Siamo di fronte a una persona che aveva avuto una famiglia e adesso non l’aveva più e quindi viene meno il controllo familiare. Se poi questa situazione diventa una solitudine anche sociale, è chiaro che i rischi aumentano. Sotto traccia evidentemente portava un disagio, poi la morte improvvisa di uno dei suoi figli ha cambiato tutto. Ma non per questo possiamo mettere in galera o in ospedale tutti quelli che hanno subìto un lutto simile. Torniamo a quello che diceva lei: nessuno fa segnalazioni o se le fa non vengono tenute in debita considerazione.
Però gli era stato negato il porto d’armi.
Questa è già una diagnosi. Evidentemente aveva dato motivo alle forze dell’ordine di non ritenerlo idoneo. Ma c’è una contraddizione. Non si può dire: è talmente pericoloso che è bene non abbia delle armi. Quali armi? Se ti limiti a dire che non può avere una pistola, ma può avere dieci coltelli, tant’è vero che sono stati ritrovati due coltelli di cui uno da sub con cui poteva ammazzare tranquillamente una persona, allora non basta.
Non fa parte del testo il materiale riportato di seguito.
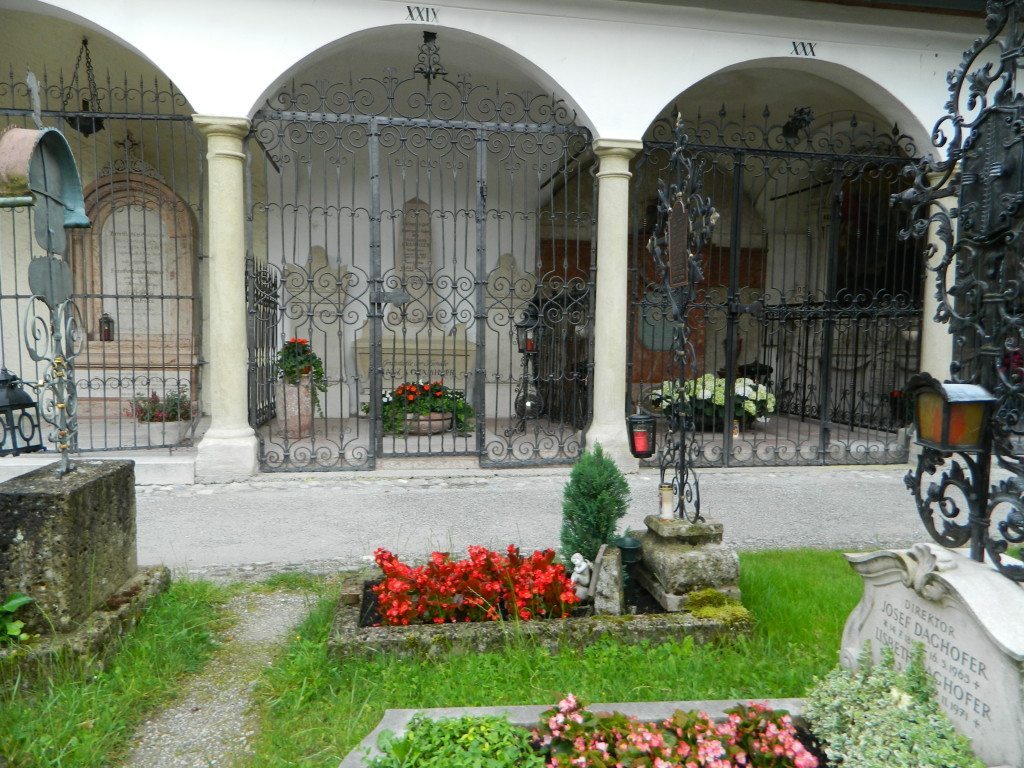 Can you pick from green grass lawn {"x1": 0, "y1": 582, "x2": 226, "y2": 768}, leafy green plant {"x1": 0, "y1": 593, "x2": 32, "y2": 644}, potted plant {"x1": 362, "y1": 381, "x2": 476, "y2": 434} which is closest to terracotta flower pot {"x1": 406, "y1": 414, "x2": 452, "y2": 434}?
potted plant {"x1": 362, "y1": 381, "x2": 476, "y2": 434}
Non facciamo come in Iran, ma un condomino che va a una semplice assemblea come può stare tranquillo?
È una domanda che riguarda un sistema che deve trovare degli automatismi. Per avere il porto d’armi è necessaria una dichiarazione di idoneità fisica, ma anche psichica. Se le forze dell’ordine hanno informazioni tali da proibire quello che è un diritto riconosciuto dalla legge, vuol dire che ci sono motivazioni molto forti. Ma questo evidentemente non basta.
Il che significa sostanzialmente che non possiamo prevedere tutto?
No, ma dobbiamo provarci.
In un episodio recente e analogo, una persona che aveva ucciso un cassiere in un supermercato e tentato poi di ucciderne altre, ha dichiarato che era invidioso della loro felicità. Questi episodi vogliono provocare negli altri le stesse sofferenze che viviamo noi?
Non so se quest’ultimo sia il caso. Questa persona ha subìto un lutto improvviso e dolorosissimo. Poi c’è stato un divorzio, che è in modo diverso un altro lutto. È stato l’inizio di una catastrofe, anche economica da quanto si capisce, che si configura non solo come un desiderio di vendetta, quanto, secondo me, come una sorta di anestesia.
In che senso?
Che il dolore mi ha reso indifferente. Cioè: che tu viva o no non me ne frega niente, tanto a me della vita interessa poco. È una sorta di nichilismo. Quest’uomo aveva accumulato odio nei confronti di questa associazione che gli chiedeva cose che lui riteneva ingiuste. Dalla morte del figlio ha ereditato una sostanziale anestesia. Il troppo dolore porta a questo: a non sentire più niente.